## SUPPLIED RECORDS
+---+

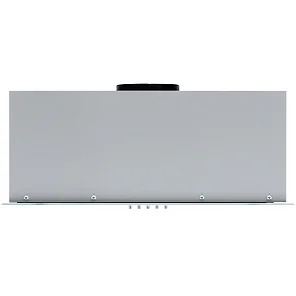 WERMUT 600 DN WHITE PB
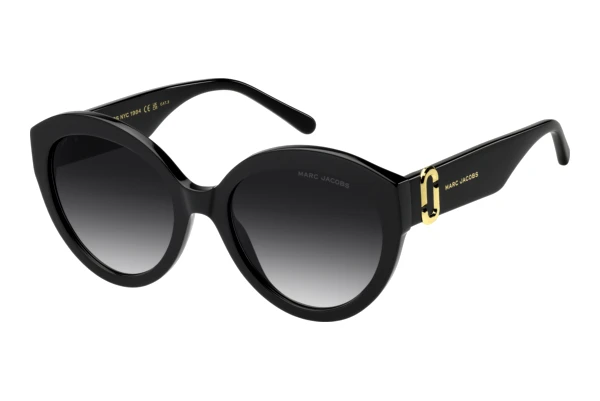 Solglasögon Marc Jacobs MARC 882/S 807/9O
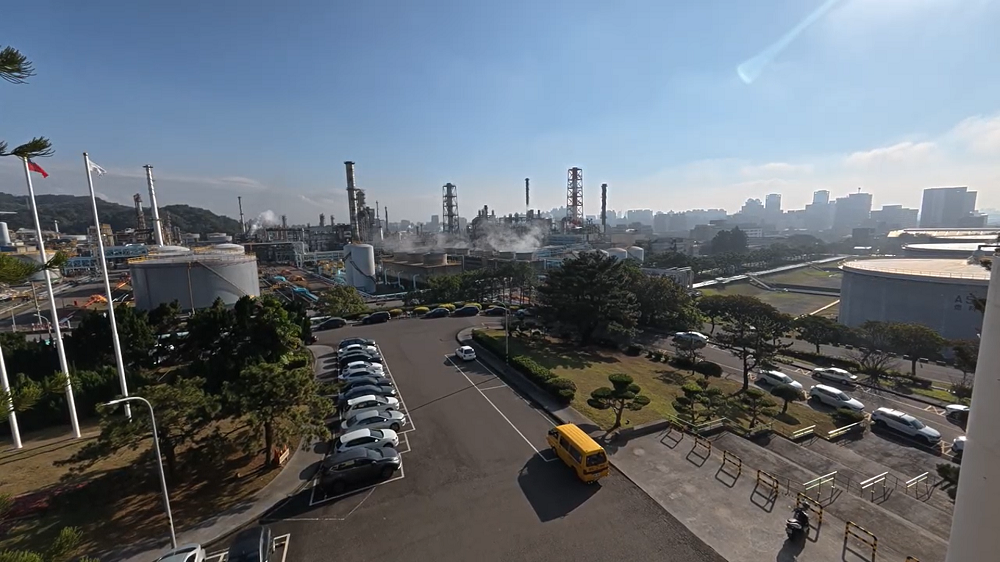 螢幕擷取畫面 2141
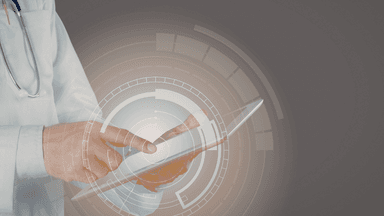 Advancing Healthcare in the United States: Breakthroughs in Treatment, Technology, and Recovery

+---+

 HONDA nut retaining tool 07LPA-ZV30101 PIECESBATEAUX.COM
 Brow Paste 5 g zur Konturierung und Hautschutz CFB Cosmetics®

+---+

Above are entries with pictures among them. Write out exactly the lines from the one containing "WERMUT 600 DN WHITE PB" through the one containing "Advancing Healthcare in", ends included, and leave those pictures out.

 WERMUT 600 DN WHITE PB
 Solglasögon Marc Jacobs MARC 882/S 807/9O
 螢幕擷取畫面 2141
 Advancing Healthcare in the United States: Breakthroughs in Treatment, Technology, and Recovery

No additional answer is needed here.